Pour ces raisons, le MOC estime qu’il est urgent de mettre en place une tarification progressive de l’électricité et se réjouit de l’accord de principe intervenu en gouvernement wallon le 28 mars dernier. La proposition sur la table constitue une réelle avancée : elle permet d’offrir aux ménages wallons un paquet de KWh correspondant à leurs besoins de base et elle prévoit des dispositions spécifiques pour éviter les effets pervers : protection des ménages qui se chauffent à l’électricité et de ceux qui ne disposent pas d’un compteur individuel ; octroi de l’allocation aux détenteurs de panneaux photovoltaïques uniquement s’ils disposent d’un compteur mesurant la consommation réelle.
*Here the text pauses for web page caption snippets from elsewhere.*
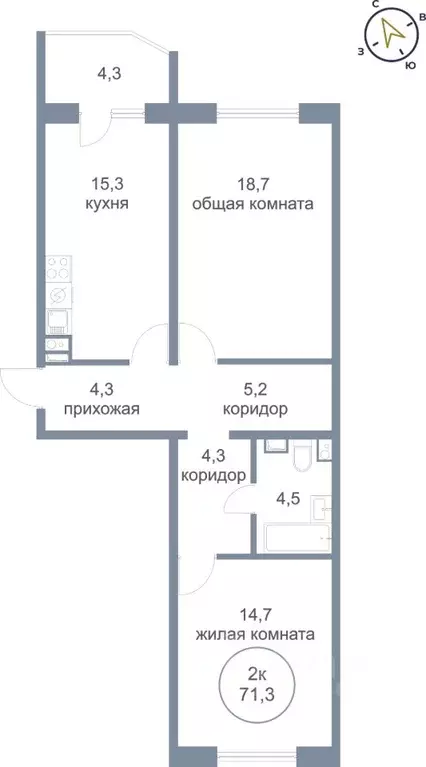 2-к кв. Ханты-Мансийский АО, Нефтеюганск 6-й мкр, Сияние жилой ... - Фото 0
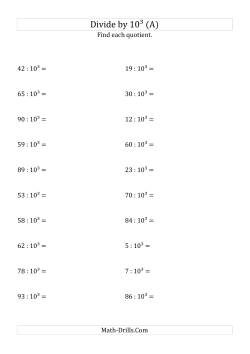 Dividing Whole Numbers by 10<sup>3</sup>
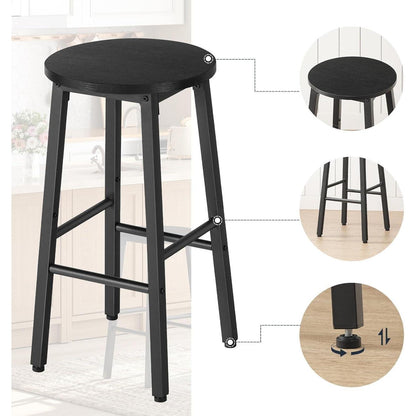 HOOBRO Barhocker 2er Set mit Fußstütze – Schwarz
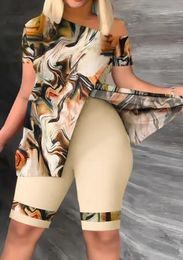 Two Piece Sets Womens Outifits Summer Fashion Tie Dye Print Split Hem Skew Neck Short Sleeve Top Casual Daily Shorts Set 240328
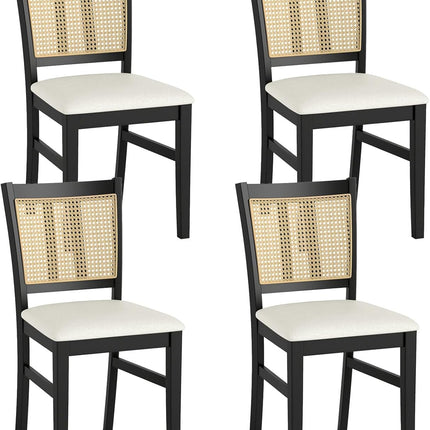 Dreamade Rattan Dining Chairs Set of 2/4 Farmhouse Fabric Upholstered Kitchen Chairs with Rubber Wood Legs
1. En témoignent les longs débats parlementaires à ce propos au moment où ces lignes sont écrites (16 avril 2013).
2. Commission wallonne pour l’énergie, régulateur wallon des marchés du gaz et de l’électricité.
3. C’est le poste « contribution à l’énergie verte » sur la facture du consommateur.
4. Le KWc (Kilowatt-crête) est une unité de mesure représentant la puissance maximale d’un dispositif. Pour bénéficier du soutien à la filière phovoltaïque (« Solwatt »), les installations ne peuvent dépasser une puissance de 10KWc. À titre d’exemple, une installation de 5KWc correspond à une production annuelle d’environ 4.250 kWh, soit davantage que la consommation moyenne d’un ménage belge établie à 3.500KWh.
5. « L’évolution du marché des certificats verts », Rapport annuel spécifique 2011, CWAPE, 03 août 2012.
6. Entreprises qui se lancent, dans le cadre d’un accord conclu avec la Région wallonne sur base volontaire, dans des démarches de réduction de leurs émissions de gaz à effet de serre ou d’amélioration de l’efficacité énergétique.
7. La Libre Belgique du 16 février 2013.